Well sure, I get that.
What I'm saying is, that all other things being equal, a well tuned engine (with an ECU that has recently updated Short Term and Long Term trim values and updated 'tables') is just as capable of running well 'open-loop' as it is 'closed loop', just won't run nearly as efficient or clean in 'open-loop'.
Now, if the sensor was partially out and giving crappy readings (i.e. full lean, full rich, slow swings, whatever), sure, that'll cause the ECU to make it run like crap (garbage in, garbage out). But if that front O2 sensor is completely dead (i.e. disconnected), the ECU would ignore it altogether and go with the 'learned values', and assuming those 'learned values' had been previously trimmed out to good values, and the battery hadn't been disconnected or the codes cleared, which resets those values back to factory spec's (which the engine isn't factory spec anymore since it's likely got a BUNCH of miles on it), the engine should run just fine.

If the ECU is compensating for something else (i.e. vacuum leak, leaky injector, plugged up injector, low fuel pressure, and so on and so on), ya, forcing it into open loop would probably cause it to run like crap, if at all.

But ya...overall, pull the codes, swap that sensor...'nuff said, call 'er good (hopefully).
Easy job...unless you don't have an O2 sensor socket (which cost about $20 last time I checked) and/or the thing is rusted itself in there.
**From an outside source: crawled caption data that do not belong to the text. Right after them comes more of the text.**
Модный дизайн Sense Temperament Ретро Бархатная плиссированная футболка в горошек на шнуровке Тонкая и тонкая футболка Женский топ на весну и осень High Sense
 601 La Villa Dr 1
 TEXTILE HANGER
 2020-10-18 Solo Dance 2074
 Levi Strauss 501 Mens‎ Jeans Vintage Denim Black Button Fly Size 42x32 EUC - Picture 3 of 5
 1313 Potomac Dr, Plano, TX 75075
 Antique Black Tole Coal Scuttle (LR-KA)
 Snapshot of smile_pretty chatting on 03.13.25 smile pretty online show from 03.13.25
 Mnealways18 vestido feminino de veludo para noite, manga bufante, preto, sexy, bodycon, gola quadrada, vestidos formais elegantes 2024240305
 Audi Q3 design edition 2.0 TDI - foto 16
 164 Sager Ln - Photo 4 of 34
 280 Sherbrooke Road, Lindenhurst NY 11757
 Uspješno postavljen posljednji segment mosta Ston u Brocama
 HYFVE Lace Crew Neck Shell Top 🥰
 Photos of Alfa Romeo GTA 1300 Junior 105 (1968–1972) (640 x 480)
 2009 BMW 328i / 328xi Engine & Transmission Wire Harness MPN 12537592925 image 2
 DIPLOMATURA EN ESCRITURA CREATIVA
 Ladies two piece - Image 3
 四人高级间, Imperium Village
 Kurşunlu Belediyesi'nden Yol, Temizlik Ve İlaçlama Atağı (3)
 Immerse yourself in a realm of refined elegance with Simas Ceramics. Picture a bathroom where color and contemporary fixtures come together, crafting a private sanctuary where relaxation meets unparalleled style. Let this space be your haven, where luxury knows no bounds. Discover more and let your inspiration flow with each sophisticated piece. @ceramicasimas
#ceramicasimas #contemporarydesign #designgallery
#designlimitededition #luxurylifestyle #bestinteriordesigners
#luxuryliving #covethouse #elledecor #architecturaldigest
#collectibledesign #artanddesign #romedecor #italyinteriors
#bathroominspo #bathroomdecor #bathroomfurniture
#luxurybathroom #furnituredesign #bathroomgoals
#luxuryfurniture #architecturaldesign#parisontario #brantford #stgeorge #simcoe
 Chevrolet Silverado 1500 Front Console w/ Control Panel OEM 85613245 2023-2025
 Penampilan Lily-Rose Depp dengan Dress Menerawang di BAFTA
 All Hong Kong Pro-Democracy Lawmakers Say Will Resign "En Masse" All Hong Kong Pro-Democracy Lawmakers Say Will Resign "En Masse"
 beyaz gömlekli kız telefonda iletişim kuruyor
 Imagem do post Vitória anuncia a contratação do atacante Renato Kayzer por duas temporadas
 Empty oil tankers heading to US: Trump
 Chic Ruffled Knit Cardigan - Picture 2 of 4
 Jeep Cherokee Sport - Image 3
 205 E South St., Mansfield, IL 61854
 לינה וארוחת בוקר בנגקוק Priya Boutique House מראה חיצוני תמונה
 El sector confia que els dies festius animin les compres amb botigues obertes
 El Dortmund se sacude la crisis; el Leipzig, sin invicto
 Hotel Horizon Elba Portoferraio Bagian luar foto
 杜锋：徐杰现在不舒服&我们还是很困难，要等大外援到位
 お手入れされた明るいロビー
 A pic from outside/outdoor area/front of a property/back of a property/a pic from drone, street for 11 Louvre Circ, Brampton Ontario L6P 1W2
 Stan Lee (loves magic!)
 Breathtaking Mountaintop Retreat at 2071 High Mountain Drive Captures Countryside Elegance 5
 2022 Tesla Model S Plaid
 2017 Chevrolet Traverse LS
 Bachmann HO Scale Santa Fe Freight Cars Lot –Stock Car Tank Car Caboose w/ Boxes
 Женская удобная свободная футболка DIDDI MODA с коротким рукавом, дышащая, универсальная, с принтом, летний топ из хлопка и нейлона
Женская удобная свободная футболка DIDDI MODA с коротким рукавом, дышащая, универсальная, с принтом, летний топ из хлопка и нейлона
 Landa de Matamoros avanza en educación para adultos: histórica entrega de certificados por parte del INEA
For grins, I'm going to go out tomorrow and disconnect my front O2 sensor on my '97 Sentra and see how it runs. I know my '98 200SX and my '01 Dodge pickup runs fine with the front O2 sensor disconnected (both times my own dumbass mistake). Obviously it pops a light that's gotta get reset, but it runs ok.


----------



## lukesSX (Feb 17, 2010)

Take it to Autozone and have them read the codes for free or call up that mechanic and ask which one it was.


----------



## Renegade757 (Jan 3, 2011)

**Update**

The problem was the wires on the sensor were stripped. It was very corroded and filthy. Thanks for the help gents.


----------



## jdg (Aug 27, 2009)

Well, that'll do it for ya.
Any chance the same thing is the issue with your other two codes in the other post? Maybe the same wire harness...maybe the same dirt/crud?


----------



## Renegade757 (Jan 3, 2011)

I hope it is, just a simple replacement of corroded parts.


----------



## smj999smj (Jan 1, 2006)

If the circuit for the O2 sensor "opens," it doesn't use learned values but the ECM goes into O2 sensor fail safe which is 0.33 volt...at least on a Nissan, anyway.


----------



## jdg (Aug 27, 2009)

BTW, I went on a 120 mile trip this morning and decided to try out my theory from a few posts ago.
Drove the 1st 120 miles with everything normal, then on the way back, after about 20 miles, after the engine was fully warmed up, I got out and disconnected the front O2 sensor with the engine still running. Obviously I got a light almost right away. But more importantly, I didn't notice anything else! _Maybe_ it was a bit more sluggish that's about it. I'll see how bad it affected my fuel mileage after I gas up later today.


----------



## smj999smj (Jan 1, 2006)

Be interesting to see the exhaust emissions with a gas analizer before and after disconnecting the o2 sensor, especially if you could get the readings pre-cat.


----------



## jdg (Aug 27, 2009)

Plugged the O2 sensor back in, reset the light, drove it for another 50 miles (2x 25 miles to/from work), gassed up. Got about 28MPG which is just a hair below what I normally get and considering it's about 1F outside and I'm bucking snow and headwinds and got a bunch of winter weather gear in the trunk.
And ya, if I had the $$$, I'd like to see those emissions numbers too. They'd probably cause somebody from C.A.R.B. to have a seizure or something, but I'd be willing to bet that even without an O2 sensor, the numbers would be a heck of a lot better than say something from the '70's or the '80's. On that same note, I read somewhere that in the event of a failure of the front O2 sensor, some ECU's will revert to keeping tabs on the rear O2 sensor to see if they're in the ballpark as far as A/F ratios go. Obviously, not nearly as accurate, but something is better than nothing.


----------



## Jopet (Aug 10, 2009)

What is a good o2 sensor brand to buy. 

Need to get a new one. I replace my front April of last year and the o2 sensor died a few weeks back. I got the one named "Ultrapower". Is bosch a good brand for o2 sensors of sentras?

ty


----------



## Jopet (Aug 10, 2009)

one more thing, looking at the parts available online, I found most are described "California" or "Cali". Will this work for federal emissions?


----------



## smj999smj (Jan 1, 2006)

Federal and California emission certified vehicles usually run different O2 sensors. As far as brands, I prefer NTK (same company as NGK) or Denso and usually get pretty good prices at Rockauto.com. Some don't care for Bosch sensors but I never had any problem with them. Just go for direct fit type, not the universal sensors that have you use your original sensor's connector and have you splice all the wires. For the part number of NTK sensors for you car, use the part locator at NGK Spark Plugs USA.


----------



## Jopet (Aug 10, 2009)

thanks very much!!! BTW, the O2 sensor that died on me was from rockauto too. Just avoid that brand.


----------